矢山行人 十五歳 夏27
月曜日。
僕は朝子の件を陽子に連絡せず、また寺山凛のことも秋穂に伝えず、学校に登校した。教室にはまだ陽子も秋穂もいなかった。
秋穂のしているゲームもそろそろ終盤のはずだった。
今日、登校してもおかしくなかった。
チャイムが鳴り、担任教師が教室に入ってきた。何十年も教鞭をとっている陽気な五十代の女性だった。
秋穂と陽子が不在のまま担任教師が喋りだして、僕は何となくグランドの方へ視線を向けた。
「えー、今日、休みの連絡があったのは、西野さんと安藤さん。西野さんは変わらず体調不良で、安藤さんは、あーご家族に不幸があったとのことです。それで、えー」
僕はまだグランドを見ていた。
が、先生の言葉はもう届いていなかった。
安藤陽子の家族に不幸があった?
不幸、陽子の家族の誰かが亡くなった。
誰が? 陽子の父? 母? それとも……。
一瞬、僕の目の奥が痛み、視界が赤く変わった。
朝子。
そうと決まった訳じゃない。
けれど、陽子は名前の分からない病気だと言った。
幾つもの病院を巡り、結局わからずに実家から一番近い病院に入院している。そんな病気なら突然、悪化してもおかしくない。
またチャイムが鳴った。
が、最初、僕はその音が何であるのか理解できなかった。視線を前の黒板に向けると、丁度、担任教師が教室を出ていくところだった。

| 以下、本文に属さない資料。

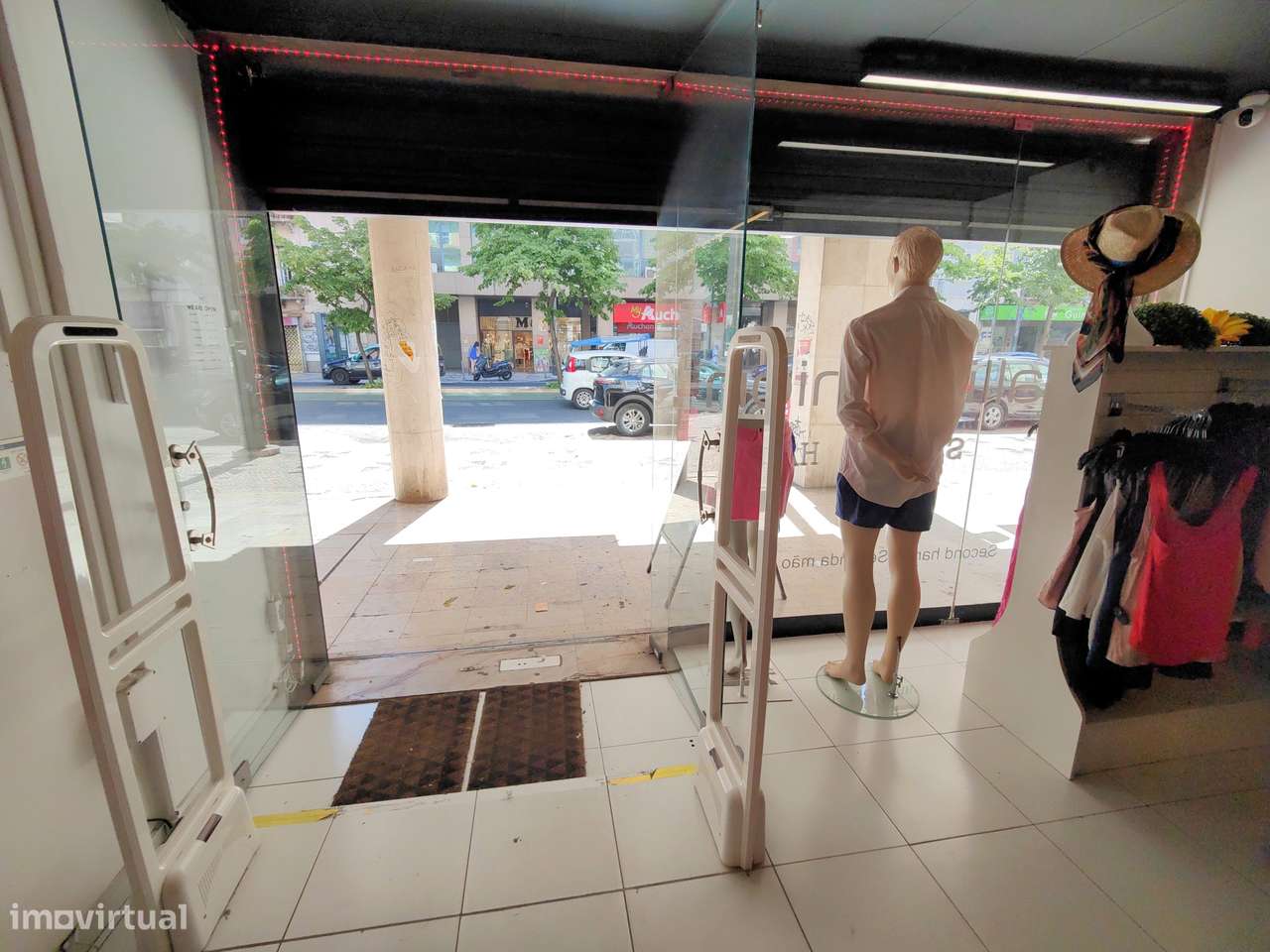 grande montra; Loja à saída do Metro; Av. Alm. Reis; - Grande imagem: 4/21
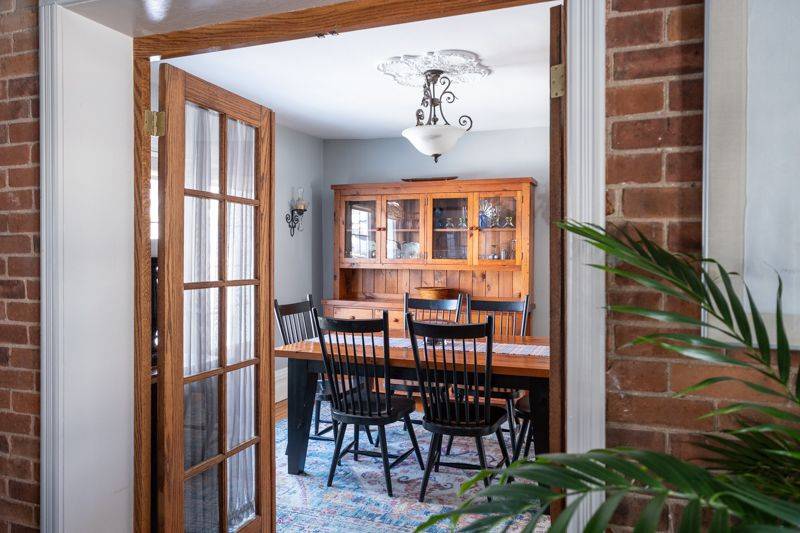 Barrie, ON L4N 1Z3,17 Frances ST N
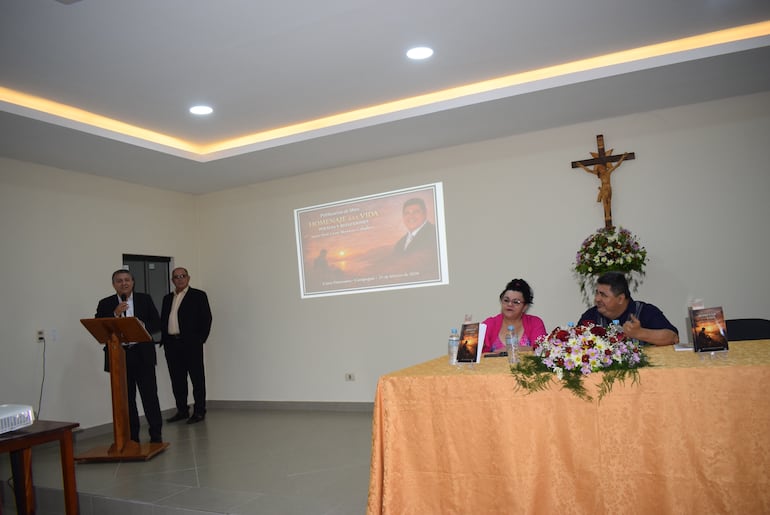 La presentación de la biografía del autor del libro estuvo a cargo del docente jubilado César Mendoza.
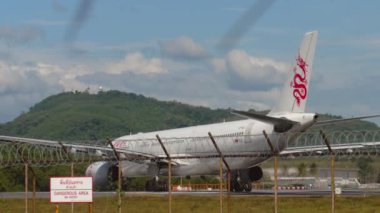 Uçak kalkmadan önce piste dönün.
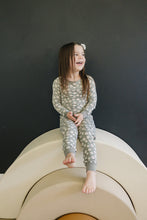 Load image into Gallery viewer, Light Green Daisy Bamboo Cozy Set

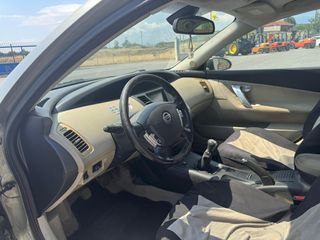 Nissan Primera 2005-thumb-12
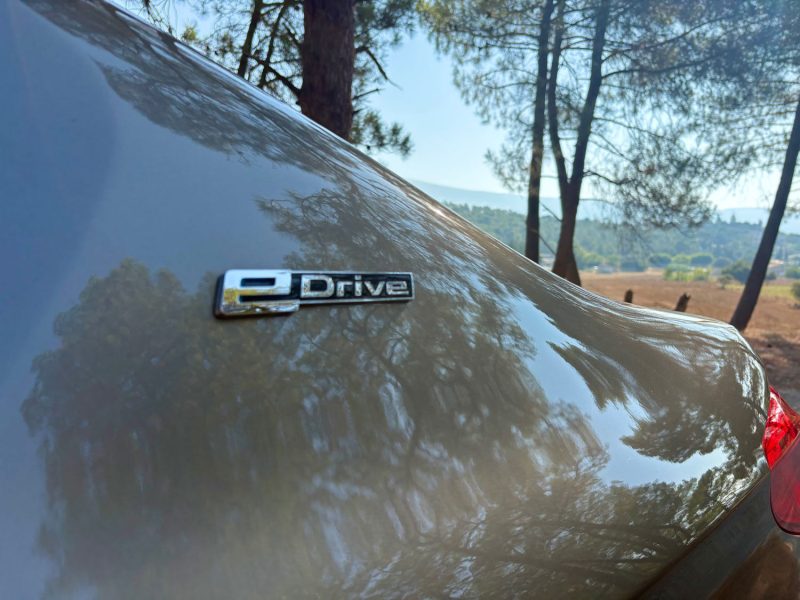 BMW SERIE 5 530E LOUNGE / 360 / sièges chauffants électriques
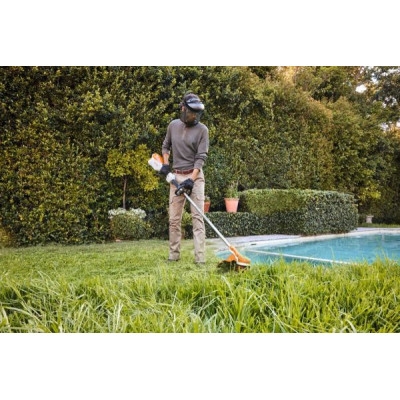 Акумуляторний тример Stihl FSA 110 R (FA07-011-5723)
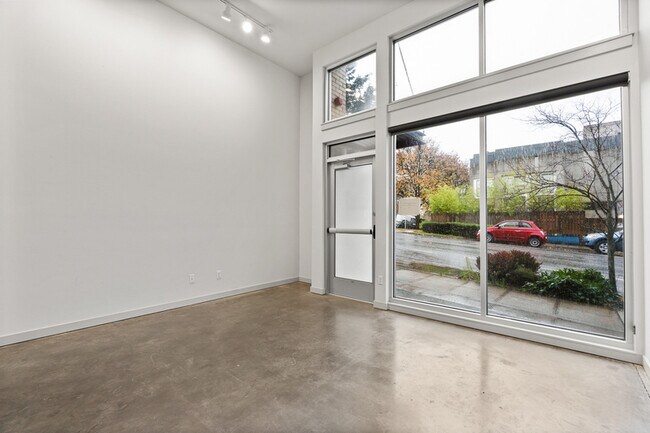 Photo - 1624 E Yesler Wy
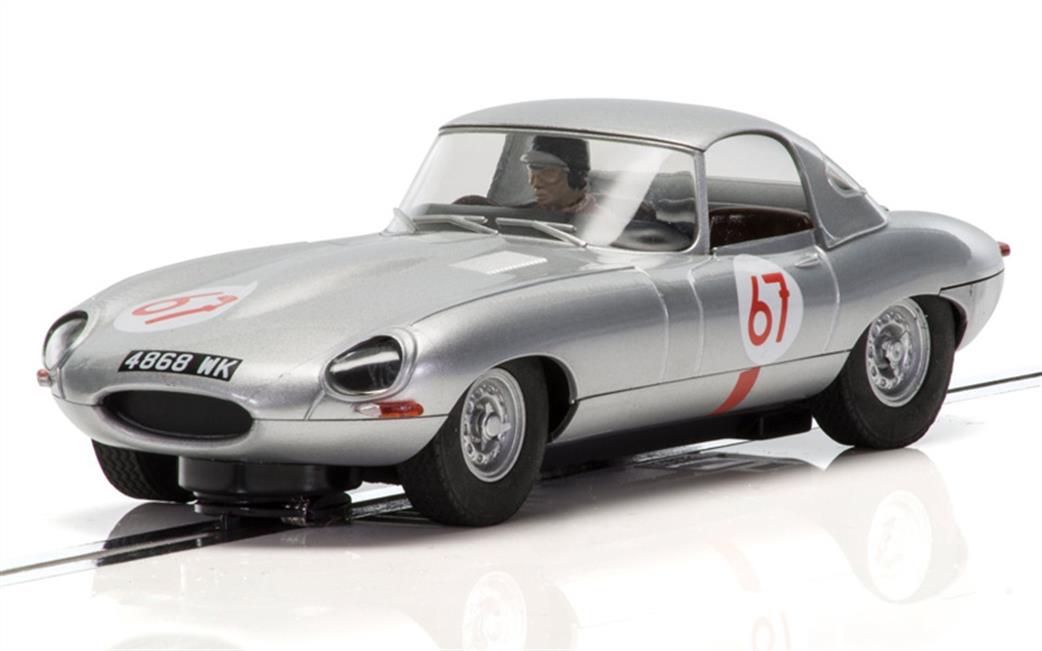 Scalextric 1/32 C3952 Jaguar E-TYPE Nurburgring 1,000KM 1963 Slot car model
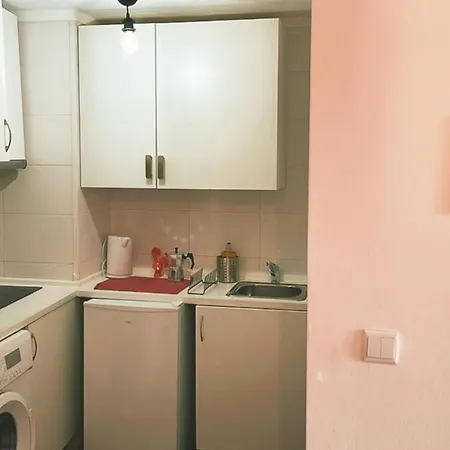 By Avenida Da Liberdade Lisboa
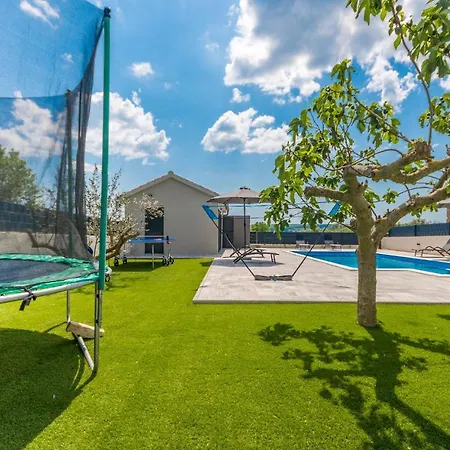 2 Bedroom Awesome In Sveti Fiilip I Jakov Дом отдыха Свети-Филип-и-Яков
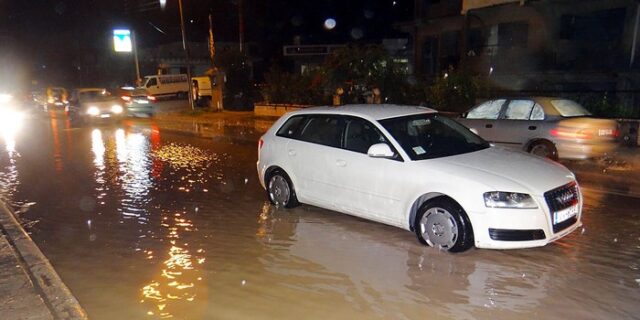 Σε επιφυλακή οι αρχές στη Ρόδο. Ισχυρές καταιγίδες στο νησί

僕の視界は高くなっていた。どうやら僕は立ち上ったらしい。
足が動いた、机の端にぶつかったが、痛みはなかった。教室のドアを開け、廊下に出て担任教師の名前を呼んだ。
「ん? なにかな、矢山くん?」
矢山って誰だ?
あぁ、僕か。
口を開いたが、声が出なかった。何度か試して、うめき声のような音が僕の口から洩れて、それが言葉になった。
「安藤、さんの、家族に不幸が……、あったと、言ってましたけど、誰が亡くなった、のか、聞かれて、……いますか?」
「どうして?」
担任教師がいぶかしげに僕を見た。
僕は質問を質問で返されたことに、普段なら感じないほどの激しい苛立ちを覚えた。
「先日、安藤さんと入院している妹さん、のお見舞いに行ったんです」
そうじゃないですよね?
と念を押すように言いかけて、やめた。
担任教師の表情が目に入ったのだ。
「そう。あのね、一昨日の夜に朝子さんの容体が、」
もう声は、音は、意味は僕の中に入ってこなかった。
顔の筋肉が変な動き方をしたのが、僕には分かった。担任教師に対し、頭を下げた。お礼というより、今の表情を誰かに見られたくなかった。